The Company's income tax expense of $104.5 million in 1999 represented an
effective tax rate of 27.9%. The Company's income tax benefit of $186.1
million in 1998 represented an effective tax rate of 38.2%. The Company's
effective tax rate for 1999 was less than the statutory rate of 35% due to
the effects of tax exempt interest on certain fixed maturity securities and
dividends received deductions on dividends relating to certain equity
securities. The Company's effective rate of tax benefit for 1998 (resulting
from a net loss reported during that year) was greater than the statutory
rate of 35% as a result of the effects of tax exempt interest on certain
fixed maturity securities and dividends received deductions on dividends
relating to certain equity securities.


                                      3





LIQUIDITY AND CAPITAL RESOURCES


The Company's primary sources of cash are premiums, investment income,
reinsurance recoveries on paid losses, and proceeds from investment sales and
maturities. The Company's primary uses of cash are claims payments,
underwriting and other operating expenses, commissions and other acquisition
costs, taxes and purchases of investment securities. The fixed maturity
portfolio of the Company at December 31, 2000 consisted primarily of publicly
traded, investment grade corporate debt securities, U.S. government and
agency securities and mortgage-backed securities.

The Company maintains a portion of its investment portfolio in highly liquid,
short-term securities to provide for its immediate cash needs.

In 1998, the Company's parent contributed $475.0 million in capital to the
Company consisting of $425.3 million in cash and $50.0 million in the form of
common stock of Houston General Insurance Company.

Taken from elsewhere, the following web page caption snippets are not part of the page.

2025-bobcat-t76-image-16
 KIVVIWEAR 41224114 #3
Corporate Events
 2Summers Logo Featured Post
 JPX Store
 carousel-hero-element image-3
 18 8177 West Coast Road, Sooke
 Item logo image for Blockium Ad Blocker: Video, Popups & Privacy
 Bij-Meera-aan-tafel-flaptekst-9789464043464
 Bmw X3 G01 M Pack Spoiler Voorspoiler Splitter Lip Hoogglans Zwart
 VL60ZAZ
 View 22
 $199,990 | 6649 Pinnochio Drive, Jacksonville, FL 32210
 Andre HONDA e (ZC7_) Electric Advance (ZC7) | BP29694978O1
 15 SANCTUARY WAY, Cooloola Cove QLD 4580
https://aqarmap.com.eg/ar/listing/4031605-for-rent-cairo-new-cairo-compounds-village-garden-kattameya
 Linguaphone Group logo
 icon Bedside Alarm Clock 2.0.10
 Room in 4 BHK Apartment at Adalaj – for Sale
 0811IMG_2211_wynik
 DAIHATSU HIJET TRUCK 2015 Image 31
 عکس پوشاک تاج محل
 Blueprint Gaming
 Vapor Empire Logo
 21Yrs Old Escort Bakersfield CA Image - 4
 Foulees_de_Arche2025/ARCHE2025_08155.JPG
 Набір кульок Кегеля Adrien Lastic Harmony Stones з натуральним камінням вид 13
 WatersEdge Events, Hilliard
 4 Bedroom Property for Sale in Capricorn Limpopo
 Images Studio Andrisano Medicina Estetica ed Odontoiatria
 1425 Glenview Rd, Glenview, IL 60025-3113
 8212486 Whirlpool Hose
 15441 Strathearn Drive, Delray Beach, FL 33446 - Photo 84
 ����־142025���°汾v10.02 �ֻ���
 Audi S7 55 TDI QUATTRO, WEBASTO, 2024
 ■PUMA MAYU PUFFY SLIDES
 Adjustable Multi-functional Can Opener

In 1998, the Company made a return of capital distribution of $1.1 billion in
cash to its parent.

In 1998, the Company borrowed $1.1 billion from its parent in the form of an
intercompany term note from a wholly owned subsidiary of the Company 's
ultimate parent and direct owner of 45.9% of the Company's common stock. In
addition, the Company also had third-party debt of $13.9 million and $30.8
million at December 31, 2000 and 1999, respectively.

In 1998, the Company purchased NFU for $116.4 million in cash.

The Company's ability to pay dividends to its shareholder is dependent on the
receipt of dividends from its insurance subsidiaries. In a given calendar
year, the Company's insurance subsidiaries can generally dividend the greater
of 10% of their statutory surplus at the beginning of the year or the prior
year's statutory net income without prior regulatory approval subject to the
availability of unassigned funds (the statutory accounting equivalent of
retained earnings). Larger dividends can be paid only upon regulatory
approval. During the years ended December 31, 2000, 1999 and 1998, the
Company declared and subsequently paid dividends totalling $342.3 million,
$180.1 million and $302.8 million, respectively.